In most instances, wrote Thompson, it is not difficult to recognize the boundary between a student learning about different beliefs and being made to participate in spiritual rituals.
“A field trip to a mosque to watch prayers would be learning about Islam; an Imam coming to the classroom and demonstrating prayer rituals would likewise not be problematic.
“However, in either of these cases, if the involvement of the students progressed to being called upon to pray or read from the Koran then it might well be said that educators have compelled the manifestation of a specific religious practice or the affirmation of a specific religious belief.”
In this case, Thompson found the intention of the school district was to teach about Indigenous culture and to help make Indigenous students feel like they belong at the school, not to profess, adopt or favour Indigenous spirituality.
About one third of the school’s 250 children are Indigenous.
The case began in September 2015 when the principal wrote to parents to tell them that the school would be hosting a traditional Indigenous smudging ceremony.
Parents were informed in the letter that students would participate by holding a cedar branch while smoke from sage was fanned over them to experience “cleansing energy.”
The school board also noted the ceremony would be an opportunity for students to learn more about Nuu-chah-nulth traditions.
Servatius went to the school to learn more, but discovered that the ceremony had already taken place, and that all students were required to participate.
During the five-day trial in Nanaimo in November, court heard that Servatius believes the Bible is the word of God and no other spiritual authority, spirit or god should be prayed to.

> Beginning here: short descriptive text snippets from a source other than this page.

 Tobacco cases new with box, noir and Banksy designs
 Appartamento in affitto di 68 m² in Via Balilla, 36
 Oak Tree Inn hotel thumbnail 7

Attributing spiritual energy to plants, animals or other gods is unbiblical and forbidden to her as a Christian.
She called the school district’s actions “compelled participation in state-sponsored religious exercises.”
The school district argued that it strives to increase student awareness and understanding of Nuu-chah-nulth culture history and language. Activities relating to culture, traditions and religion are designed as educational experiences, without advocating the supremacy of one belief over another.

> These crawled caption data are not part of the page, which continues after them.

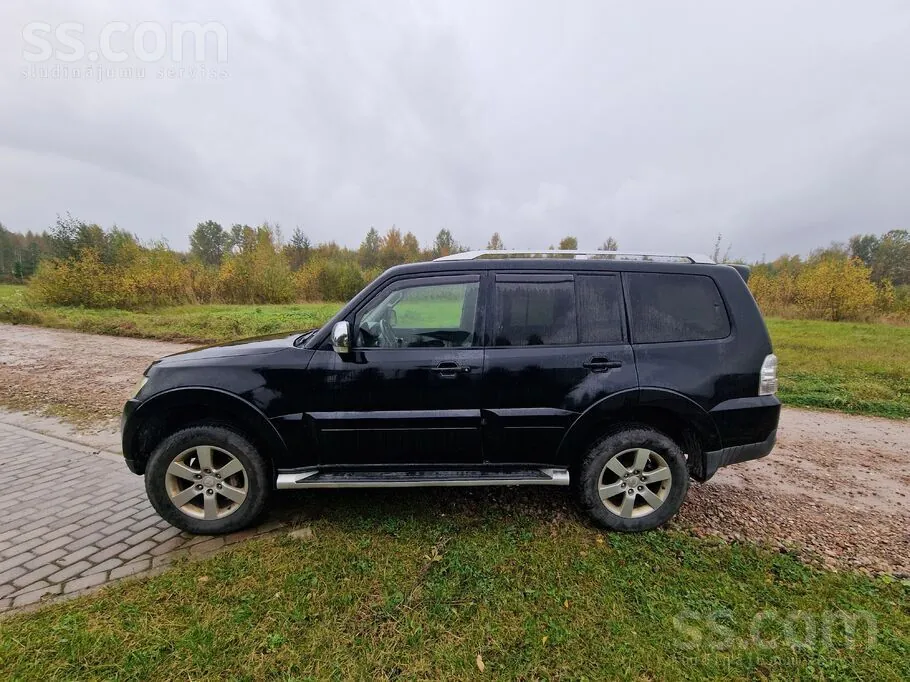 Mitsubishi Pajero 2007 photo 4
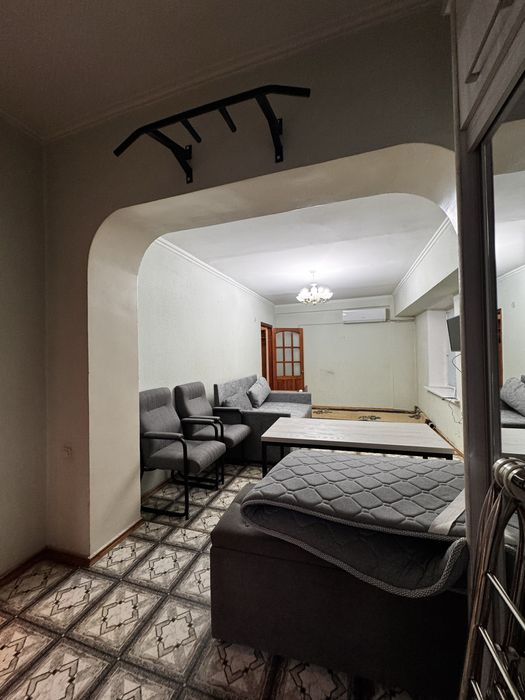 Ц-5 , метро Минор , 1-й этаж . Можно под офис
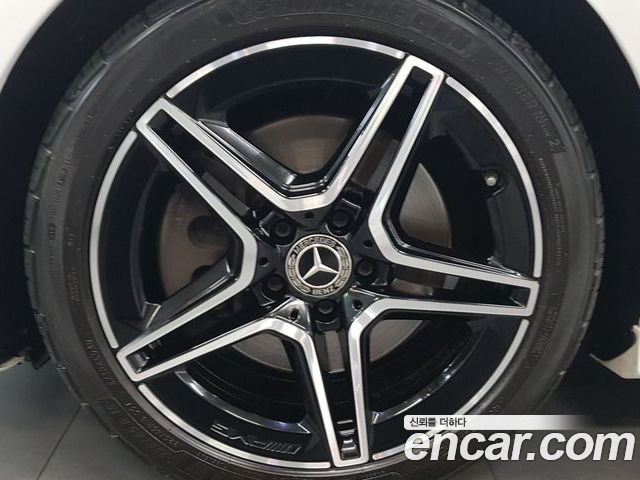 Mercedes-Benz CLA 2023 — фото 5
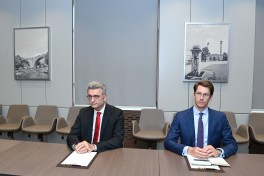 Ceyhun Bayramov diplomatik fəaliyyəti başa çatan Almaniya səfirini qəbul edib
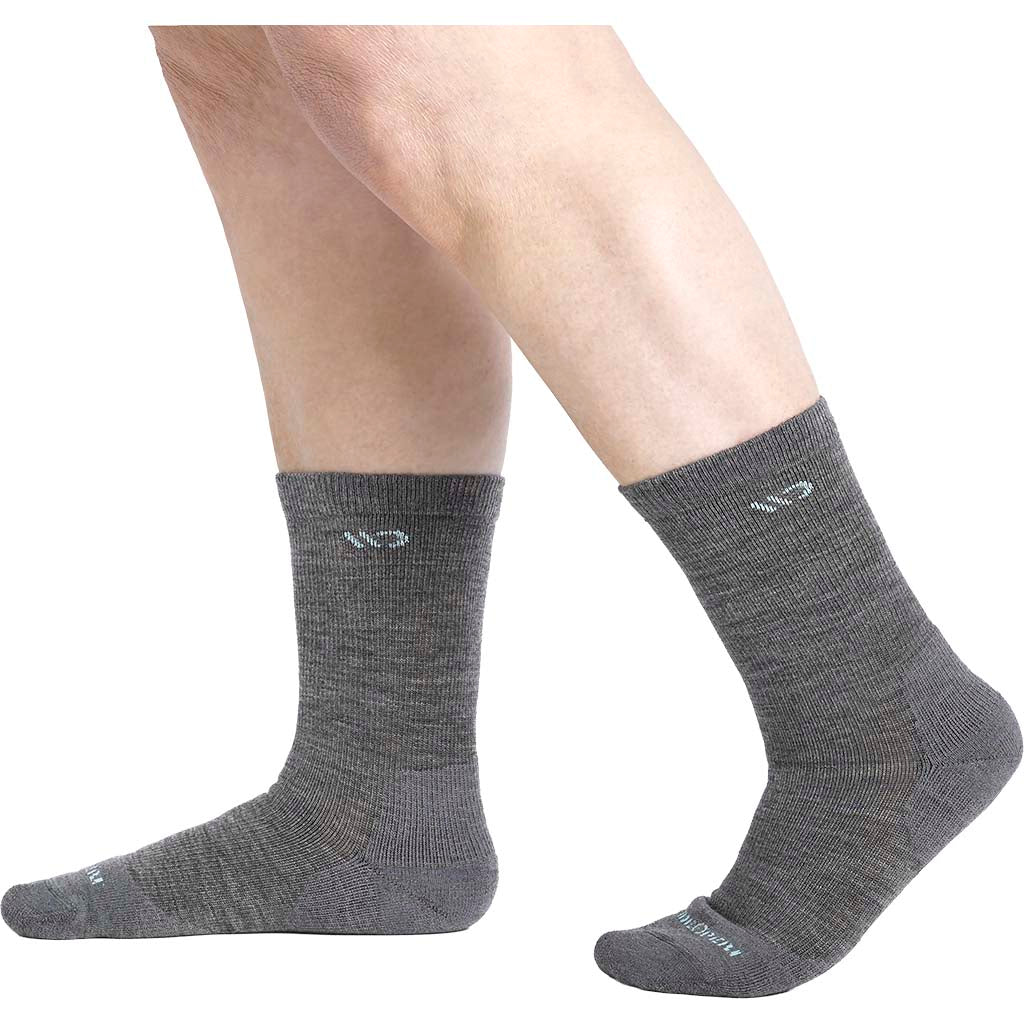 Women's Solid Cushioned Crew Socks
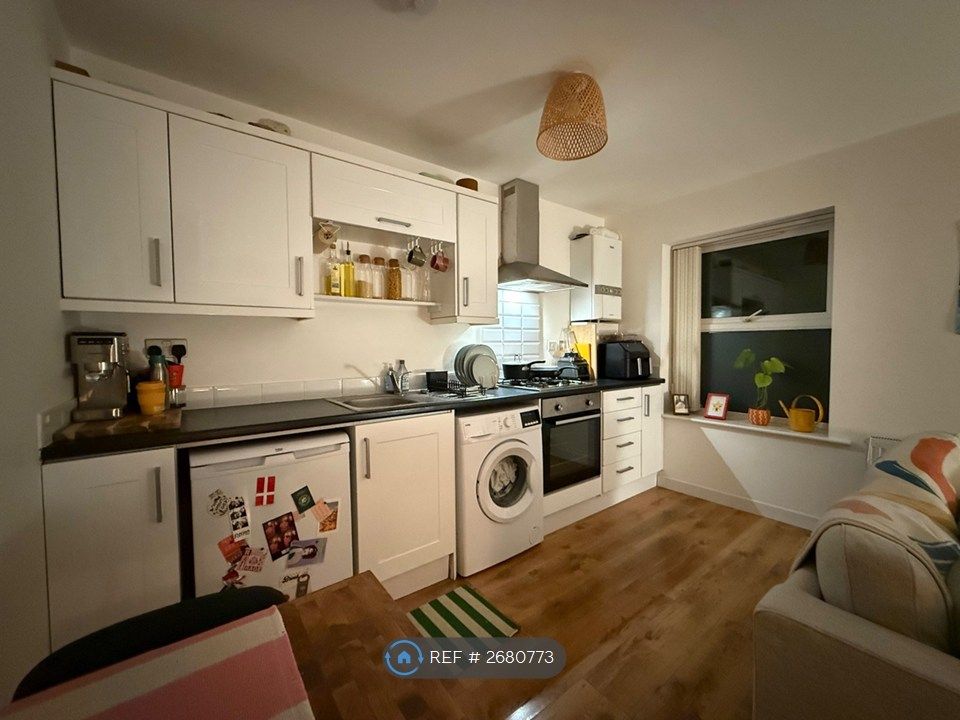 Property photo 3 of 8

The Nuu-chah-nulth Tribal Council, which represents 10,000 members from 14 nations, acted as intervener in the proceeding. It advocates for cultural inclusiveness in schools as a crucial part of changing the relationship between Indigenous and non-Indigenous Canadians on the basis that “people cannot honour difference if they cannot understand it.”
Much hard work has been done in B.C. to begin to incorporate Indigenous knowledge and learning about Indigenous cultures into the kindergarten to Grade 12 curriculum, Thompson wrote.
Although Servatius’ daughter complained there was so much smoke she couldn’t see and that smoke was waved over her desk while she was sitting at it, Thompson rejected her version of events.
Thompson found that in each room, the elder smudged the perimeter walls and doorways, making use of an eagle feather and sage burning in an abalone shell. “In no classroom were the students, their desks or their belongings smudged,” wrote Thompson.
On Wednesday, the Justice Centre for Constitutional Freedoms issued a statement saying it is disappointed with the court decision.
“We are reviewing the decision with an eye to next steps,” said Jay Cameron, the centre’s litigation manager and counsel for Servatius.
“This is a disappointing decision for citizens from any religion or cultural background, each of whom has a constitutional right to be free from state-compelled spirituality.”